En quête des paysages infinis nichés au creux de nos imaginaires, un nouvel art de la chute, au confluent de notre humanité et de la nature qui nous entoure.
La scène s’ouvre sur une immense bâche, qui prend vie sous nos yeux. Actionnée par les quatre interprètes, elle se gonfle, se déploie, fléchit puis se redresse, évoquant tour à tour une mer agitée ou un ciel noir d’orage. Puis la parole arrive. Chacun·e, à tour de rôle, nous raconte un souvenir, un bout d’intimité. Les autres, tout autour, se font passeur·euses d’histoires, portent cellui qui parle, l’empêchent ou l’encouragent. Les corps tombent, se relèvent, se mettent à danser lorsque les mots, parfois, n’arrivent plus à sortir. Peu à peu, un récit se dessine. L’ordre des choses se renverse, et le dehors surgit à l’intérieur, par bribes. Comme une forêt profonde qui renaîtrait doucement des planches du théâtre, au gré de ces symboles, dispersés çà et là : de la terre qui s’étale, un peu de pluie coulant sur un visage, quelques petits cailloux qu’on emporte avec soi. Et le souffle, toujours, qui s’empare de nos rêves, comme la voile d’un navire que le vent mène au large …
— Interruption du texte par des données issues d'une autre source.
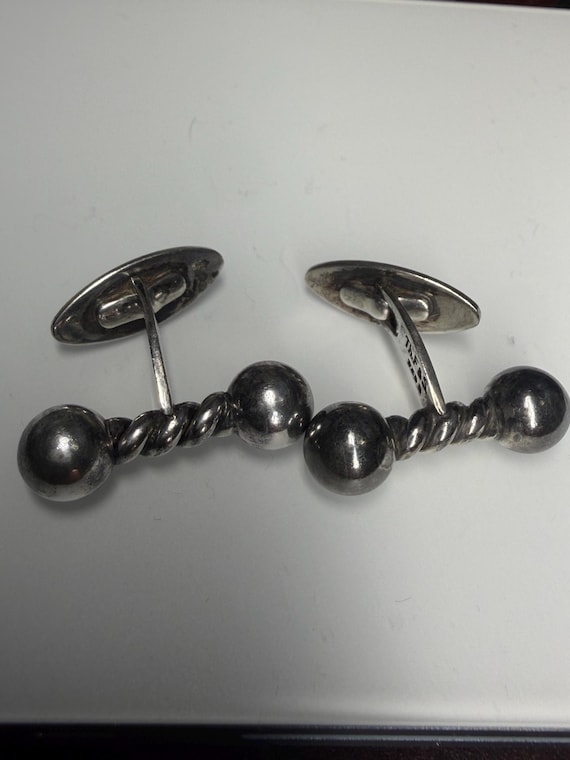 Fenwick & Sailors Sterling Silver Cuff Links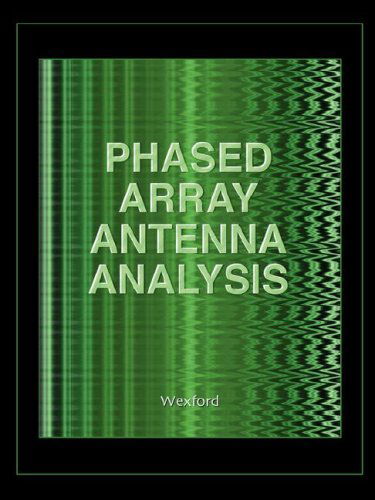 Cover for D. T. Mcgraith · Phased Array Antenna Analysis (Computational Electromagnetics) (Paperback Book) (2007)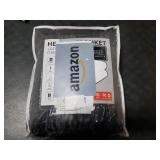 LaffyLo Electric Heated Blanket Full Size 72x84, Breathable & Luxurious Flannel, Soft Warm Gift with Over-Heat Protection, 4 Heating Levels & 10 H Auto Shut Off, Machine Washable, Dark Grey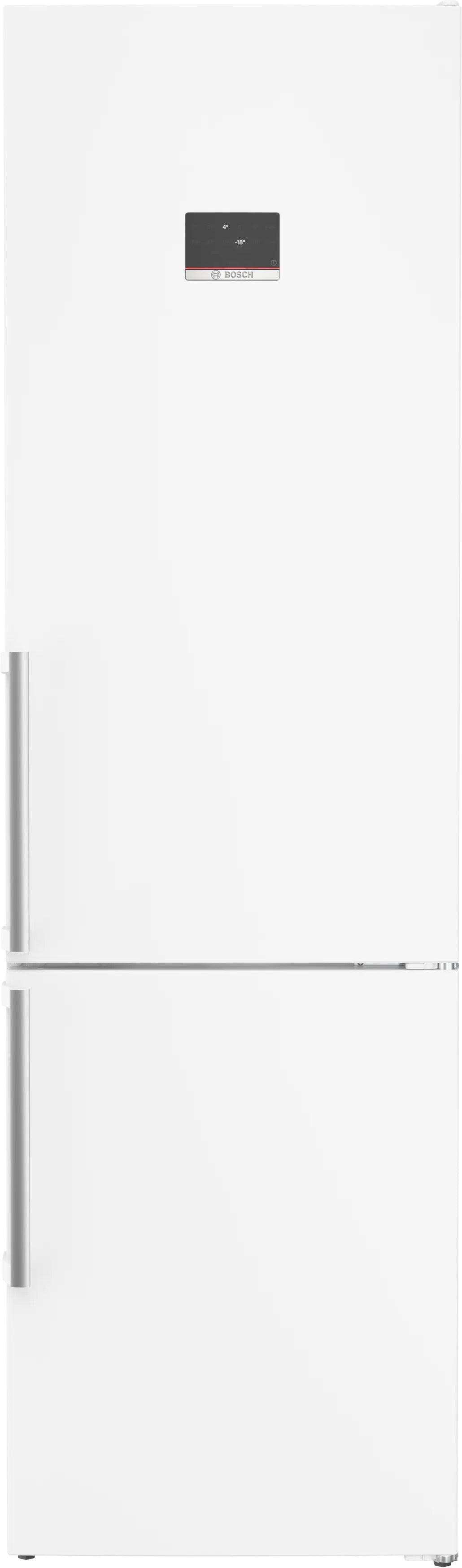Bosch Series 6 Free-standing fridge-freezer 203 x 60 cm White - KGN39AWCTG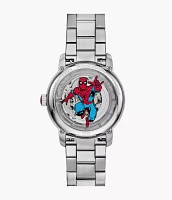 Marvel x Fossil Limited Edition Automatic SPIDER-MAN Watch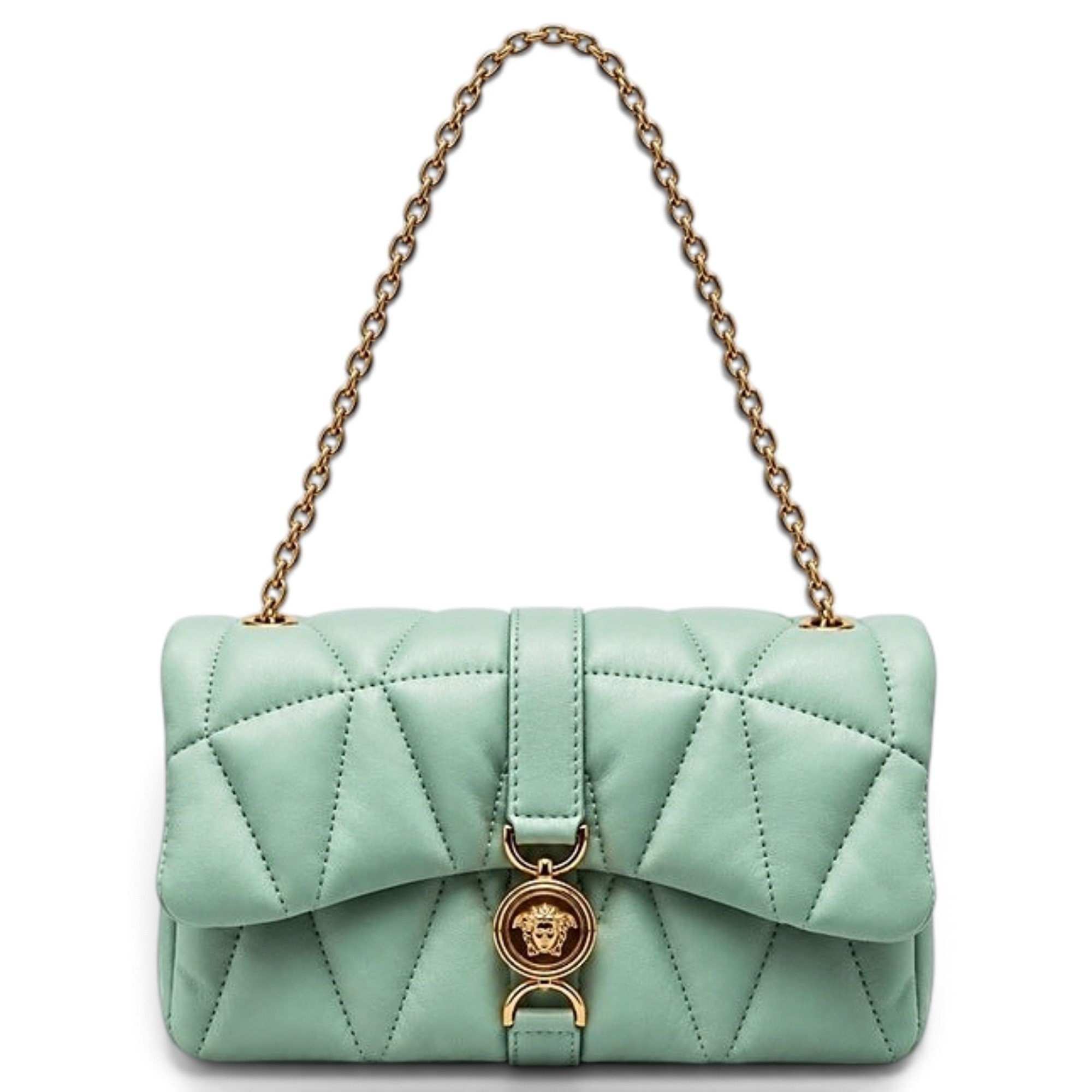 La Medusa leather crossbody bag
Dans ce spectacle, créé en 2017, Nathalie Béasse explore les failles, les secrets et les difficultés d’exister d’une humanité en prise avec la nature. Si les mots sont présents, portés par un quatuor d’acteur·ices magnifiques d’authenticité, ce sont surtout les corps, les textures, les sons et les images qui prédominent dans ce vaste poème scénique, qui met tous nos sens en éveil et nous fait naviguer entre rire, contemplation et introspection. Des tableaux vivants d’où s’échappent des éclats d’intimité saisis sur le vif, dans l’instant, et des fragments de paysages au sein desquels le minéral, le végétal et l’humain finissent par se confondre. Car derrière les craquements de ces arbres qui tombent, on entend le bruissement de nos corps qui vacillent, qui chutent parfois, mais qui, eux, contrairement aux arbres, finissent possiblement par se redresser. On entend également le murmure de cette forêt invisible, que Nathalie Béasse fait lentement pousser au fond de nos imaginaires. Une brèche ouverte au merveilleux, et à l’immensité des désirs que nous portons en nous.